QUOTE(flobiano @ Apr 13 2012, 07:49 PM)

Anyone else watching this? No girls/ women either competing in or judging the piano semi final. I find that a bit odd to be honest.

Interestingly over the other 4 categories it is split exactly 50:50 between girls and boys.
The adjudicators for the strings and woodwind categories (Rosie Biss, Lesley Hatfield, Emma Johnson, and Juliette Bausor) are all women, which I find fairly unremarkable. We could equally have had, say, Boris Garlitsky, Pieter Schoeman, John Anderson, and Michael Collins, which I would have found similarly unremarkable. When we are looking at panels of two category specialists it would be unreasonable to expect to balance, say, Vasko Vassilev with Alina Ibragimova.
It might be more interesting to ask why out of 14 judges (7 men and 7 women) all 14 are white. Looking at the ethnic breakdown of the UK (about 8 percent non-white) we might have expect to see at least one black or Asian member of the judging panel. On the other hand, we of course would not expect to see any black or Asian judges, as the senior ranks of the British music world are almost uniformly white, exceptions such as Sir Willard White, Wayne Marshall, and Chi-chi Nwanoku being few and far between. Looking at the competitors, 4 or 5 out of 25 appear to have east Asian origins, which is hugely disproportionate considering that these ethnic groups make up less than 1 percent of the population of the UK. One competitor appears to have some sort of black heritage, which statistically is about right. With nearly 4 percent of people in the UK being of south Asian ethnicity we ought perhaps to be surprised that there is no competitor representing these ethnic groups.

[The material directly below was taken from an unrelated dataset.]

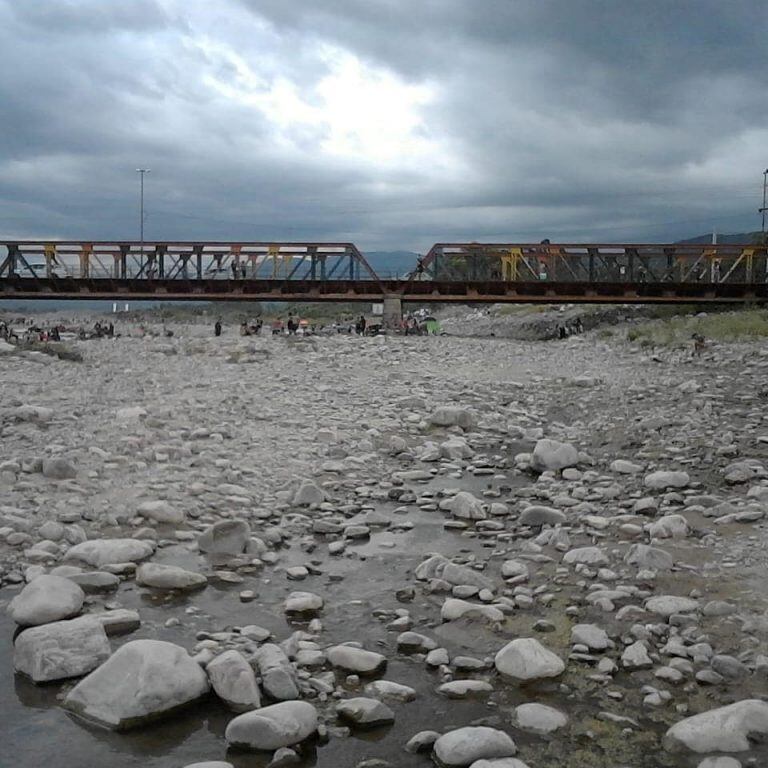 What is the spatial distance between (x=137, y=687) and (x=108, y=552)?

Of course, I am well aware that the problem is not that the BBC has shown any prejudice in favour of or against any particular ethnic group, but that musical achievement in this country is heavily biased towards white and east Asian ethnicities. In fact, a similar pattern is replicated even in the breakdown of concert audiences. Here in London, a city with a population that is nearly one-quarter black and south Asian, I am able to go to sell-out performances at the Royal Opera House and at all of the main concert halls and count the number of black and south Asian people in single figures, if any. Does this trend strike anybody else as worrying? As a white Londoner I feel a considerable unease when I am able to count as remarkable the fact that I once sat behind two black people at the London Coliseum.